The data.
┏━━
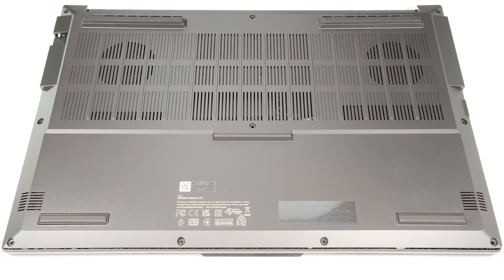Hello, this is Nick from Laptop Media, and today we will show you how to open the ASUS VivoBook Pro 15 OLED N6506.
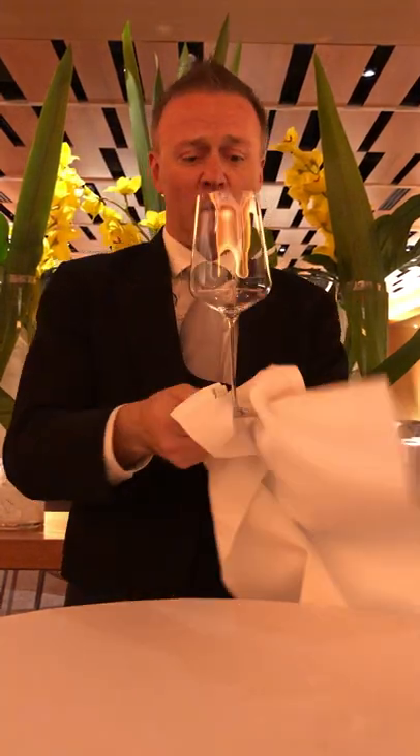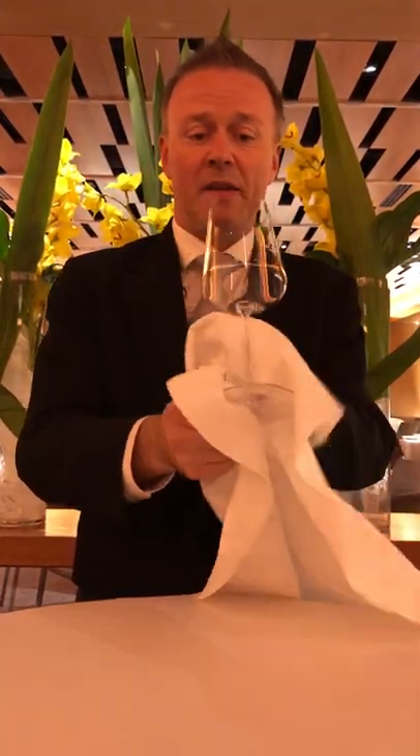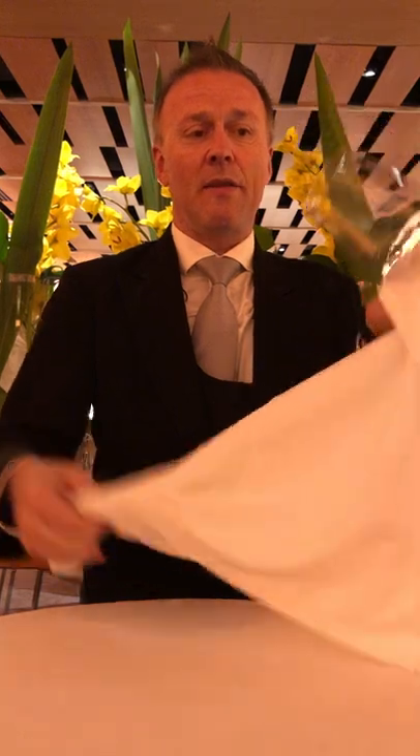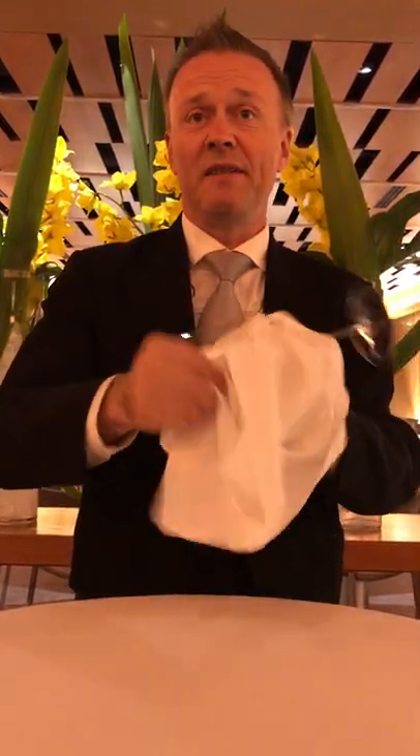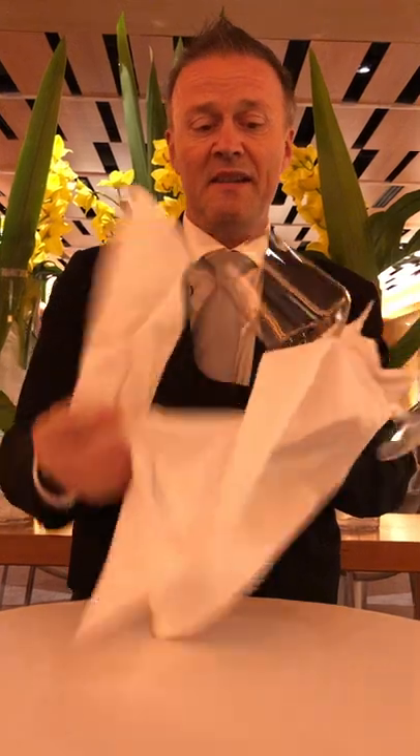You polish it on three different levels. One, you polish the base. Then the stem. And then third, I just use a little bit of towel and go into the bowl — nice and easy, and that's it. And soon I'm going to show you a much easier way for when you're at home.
┗━━
┏━━
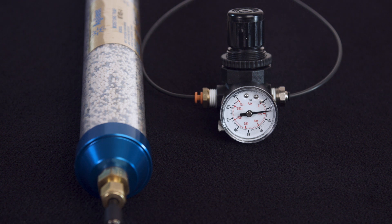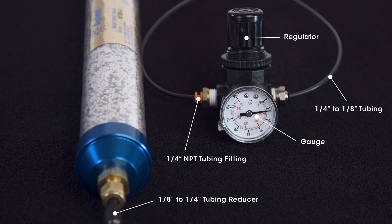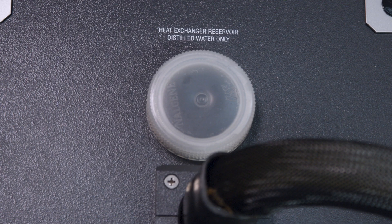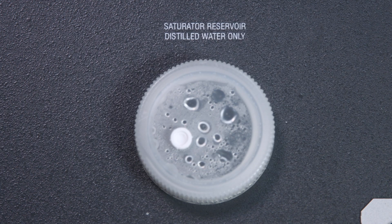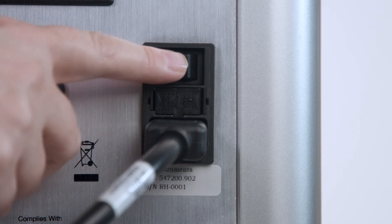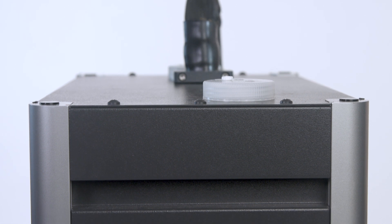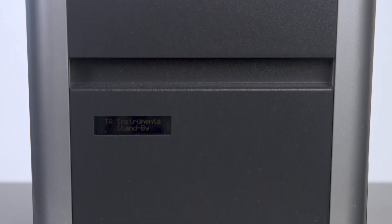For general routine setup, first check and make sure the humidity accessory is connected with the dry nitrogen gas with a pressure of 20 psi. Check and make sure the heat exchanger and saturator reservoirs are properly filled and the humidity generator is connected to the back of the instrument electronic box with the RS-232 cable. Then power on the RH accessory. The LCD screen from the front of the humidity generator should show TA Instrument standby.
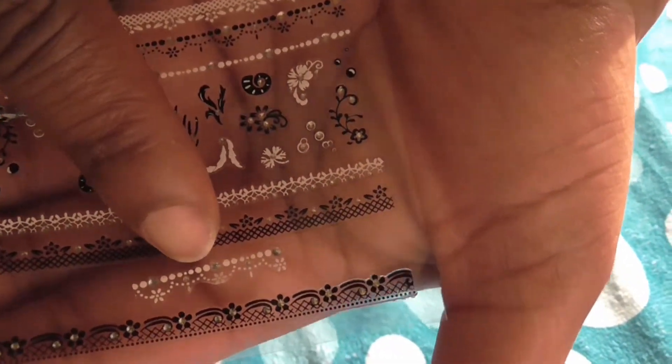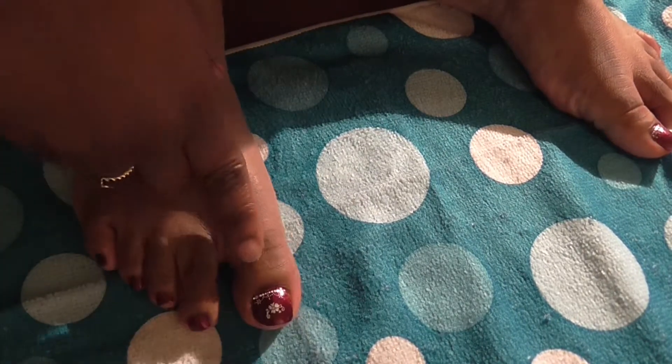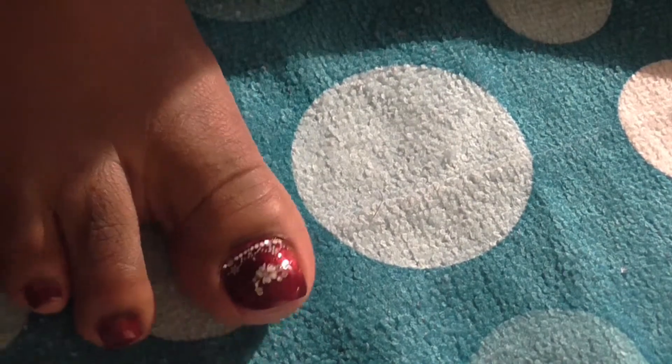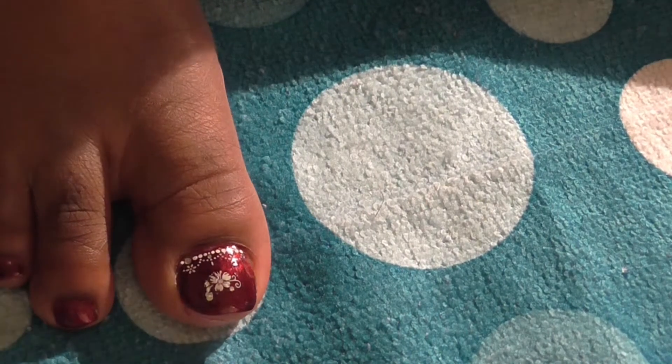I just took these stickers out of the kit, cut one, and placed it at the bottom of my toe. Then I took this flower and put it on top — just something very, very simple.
┗━━
Exercise instructions. Above, find the line holding "Hello, this is" and the line holding "You polish it". Print exactly those two lines and every line between them, but no pictures.

Solution to the exercise.
Hello, this is Nick from Laptop Media, and today we will show you how to open the ASUS VivoBook Pro 15 OLED N6506.
You polish it on three different levels. One, you polish the base. Then the stem. And then third, I just use a little bit of towel and go into the bowl — nice and easy, and that's it. And soon I'm going to show you a much easier way for when you're at home.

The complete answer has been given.